New IdentityTheft Scam

It’s been a bad 2021 for Jeremie Saintvil of Delray Beach, Florida. In January, the 46-year-old self-styled tech entrepreneur and former Apple store manager filed for bankruptcy. It appeared his company, Verb World, which claimed to have built a mobile app that was meant to gamify investing for millennials, had not taken off. Then on Wednesday Saintvil was accused of a $1.5 million Covid-19 relief fraud scheme in which he allegedly stole the identities of retirement home residents including at least one centenarian. And, according to the Justice Department, one of the identity theft victims was Saintvil’s own mother.

Prosecutors claim that Saintvil managed to acquire identity documents for eight elderly people and used them to open lines of credit, funnelling the money into a Wells Fargo account he controlled. Using the same identities and a handful of either inactive or fictitious businesses, Saintvil then made applications for Payment Protection Loans (Small Business Administration-backed loans that help businesses maintain their workforce during COVID-19), the Justice Department said. PPP loans, authorized in the Coronavirus Aid Relief and Economic Security (CARES) Act of 2020, have an interest rate of just 1% and must only be used for payroll costs, interest on mortgages, rent and utilities.

One of those either inactive or fictitious businesses was Verb World, the DOJ added in its indictment. The company “was not a business entity that was registered to do business in Florida… did not have seven employees, nor did it pay an average of approximately $41,000 in monthly payroll expenses,” as Saintvil had claimed, according to the charges.

Neither Saintvil nor his counsel had responded to requests for comment at the time of publication. He remains innocent until proven guilty. He faces up to 35 years in prison if found convicted. His initial appearance is scheduled for this afternoon at 2:30pm EST in the U.S. Courthouse in Gainesville.

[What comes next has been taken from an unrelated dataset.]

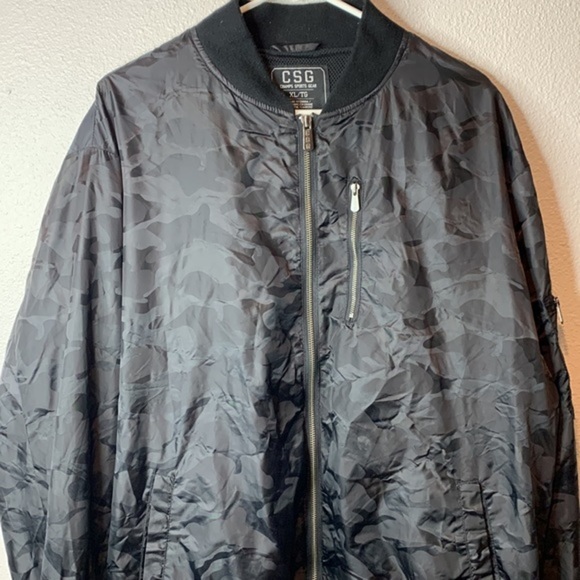 CSG Champs Sports Gear Men’s Lightweight Jacket sz XL/TG - Picture 3 of 7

Prior to this week’s charges, Saintvil was trying to break the tech market with Verb, founded in 2016. It claimed its mobile application let users to “earn money without investing by playing, socializing and learning.” He’d even managed to get a slot on Nasdaq’s YouTube channel in 2016 to talk all things gamification.

It’s unclear how the app actually worked, however. Its website is now down. Cofounder Krista Peterson had not responded to a request for comment at the time of publication. Her LinkedIn doesn’t reference her time at Verb.

It’s not Saintvil’s first foray into the courts. He’d previously sued Apple for unpaid overtime, a matter that was settled out of court. And it’s not the first time Saintvil has faced serious allegations . He’d previously been accused of sexual harassment in a civil suit in 2010 when he was employed by an accounting company, after a female employee said he’d indicated she would be wise to have sex with him if she wanted to support her family. She began having a sexual relationship with him not long after, according to the plaintiff’s complaint, after which her husband divorced her and she lost touch with her children. Saintvil denied all wrongdoing and the matter was also settled and dismissed out of court.

Covid-19 fraud figures, meanwhile, were already startlingly high and are rising. By October 2020, the House Select Subcommittee on the Coronavirus Crisis said as many as $4 billion in Covid-19 loans had been red flagged. That was after the Justice Department said in September it had charged 57 people with trying to steal $175 million in loans.